Open sarchar opened 3 years ago

sarchar commented 3 years ago

I'd like to start a small discussion about how to improve the display of operand references in 6502 disassembly.

I've been looking at 6502 disassembly for the better part of a year, so I'm fairly accustomed to the quirks in Ghidra's 6502 disassembly. I understand that 6502 isn't a priority, but I think these display changes probably aren't major in terms of code changes .. and maybe someone would be inspired to fix them. I'd also be willing to tackle them myself, if there's some guidance on where to start.

Basically, there are several places where memory references should be changed to be more consistent with 6502 assembly code.

  1. Any memory reference to zero-page address $0 gets a memory reference with "=>" on the right of the operands, when it really should just be like any other memory reference and replace the operand with the reference.

  2. Offset references should be displayed in code. The most glaring one is when you do something like "sta buffer+5". Ghidra would create a dynamic label to buffer[5] (which isn't really ever seen in 6502 assembly), but when you apply an Offset to the reference of -5, it changes the display to "offset buffer" and loses all sense of what the offset is. It would be best to show "buffer+5" where +5 isn't part of the label.

  3. Jump tables are quite frustrating to work with when they're offset by a value, which is quite common in 6502 where the RTS instruction adds 1 to the return address. So jump tables often have the label with an offset of 1, but Ghidra doesn't show that in the disassembly.
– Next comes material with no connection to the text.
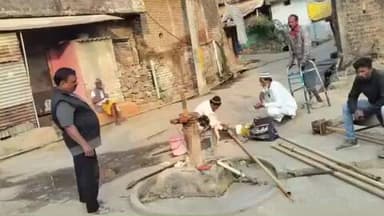 बरेली: पेयजल व्यवस्था मजबूत: बरेली नगर परिषद ने वार्ड 8 व 13 के हैंडपंप दुरुस्त कराए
Does anyone have suggestions for how to work with these quirks, or is this an issue that we could see a fix for? You can look at the assembly in my github repository (at https://github.com/sarchar/GhidraBugFeature), and here below is my demonstration of what I see in Ghidra when I start analyzing the file:

zeropage

main1

main2

Cheers, and I much appreciate everyone's time and work they've put into this project.

agatti commented 2 years ago

@sarchar I believe your first point is already covered by #982.

sarchar commented 2 years ago

@sarchar I believe your first point is already covered by #982.

Ah, yes. Indeed it looks like the same issue.